Access switch power outage at 14:12 UTC for about 18 minutes.

Cause

Our Tampa data center contractor was replacing the broken management switch msw-d2-sdtpa in sdtpa rack D2. Our management network is completely unrelated to our production network, and doesn't carry any important, production traffic. However, the management switch is mounted directly under the production network access switch (asw-d2-sdtpa). During the replacement, at 14:12 UTC, the power cable of asw-d2-sdtpa was accidentally knocked loose as it was very close to the switch and cables being replaced. The technician didn't notice it because switch LEDs are on the other side.


Impact

As a result, the entire rack, consisting of about 40 MediaWiki application servers, lost network connectivity. Our monitoring tool, Nagios, complained about all servers in the rack, and due to all kinds of second order effects, many other services were (briefly) disrupted or overloaded, leading to many other Nagios downtime reports. Several Ops and Engineering members were looking at the downtime, but had difficulty pinpointing exactly what was going down, until Mark noticed that all application servers being reported down were located in the same rack D2 (when he checked in Racktables), and that asw-d2-sdtpa was reported down by Observium (e-mail to root@ and the web interface). A quick check revealed that indeed this switch had gone down. Mark got confirmation from the technician on IRC it was related to his work. As soon as the technician restored power, all network connectivity and services were restored within a minute at 14:30 UTC.

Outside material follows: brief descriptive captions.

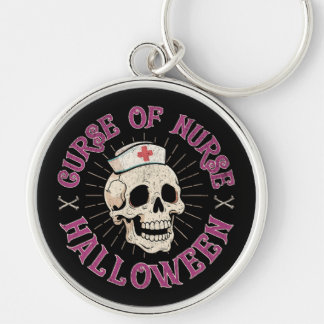 Curse of Nurse Halloween Spooky Nurse Skull Key Ring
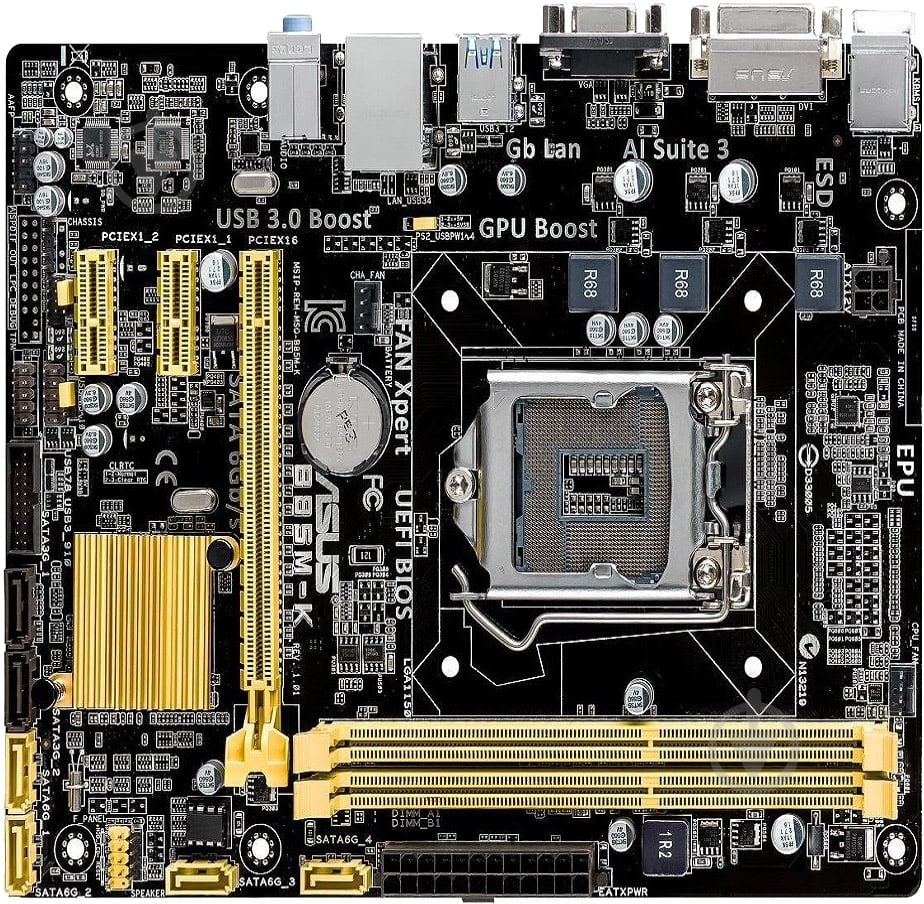 Материнская плата Asus B85M-K (Socket 1150, Intel B85, mirco ATX) - фото 1
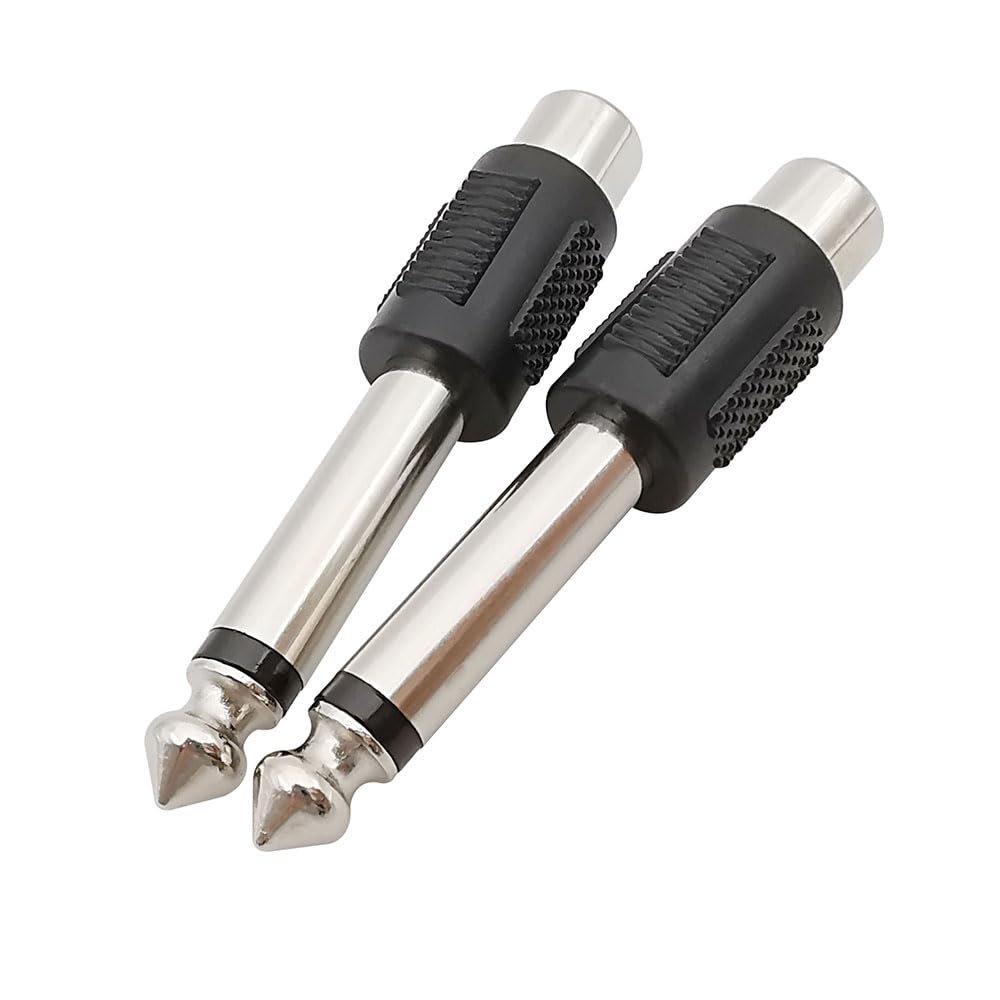 RCA Female Jack Stereo Plug to 1/4" 6.35mm Mono Male Plug Audio Connector for Audio Transfer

The main problem with a rack of application servers going down, besides the significant reduction in capacity, is the loss of memcached caching - meaning that MediaWiki on the remaining servers will be parsing/regenerating many pages and objects, resulting in a much higher load at reduced capacity for a while. memcached redundancy/resiliency is definitely something that could need improvement for this reason.

Mitigation

In our newer racks and data centers, we also have better redundancy of the network, including redundant power and uplinks for access switches, so this doesn't happen so easily. If we do not intend to move Tampa any time soon, we should look at retrofitting our older racks with that setup as well.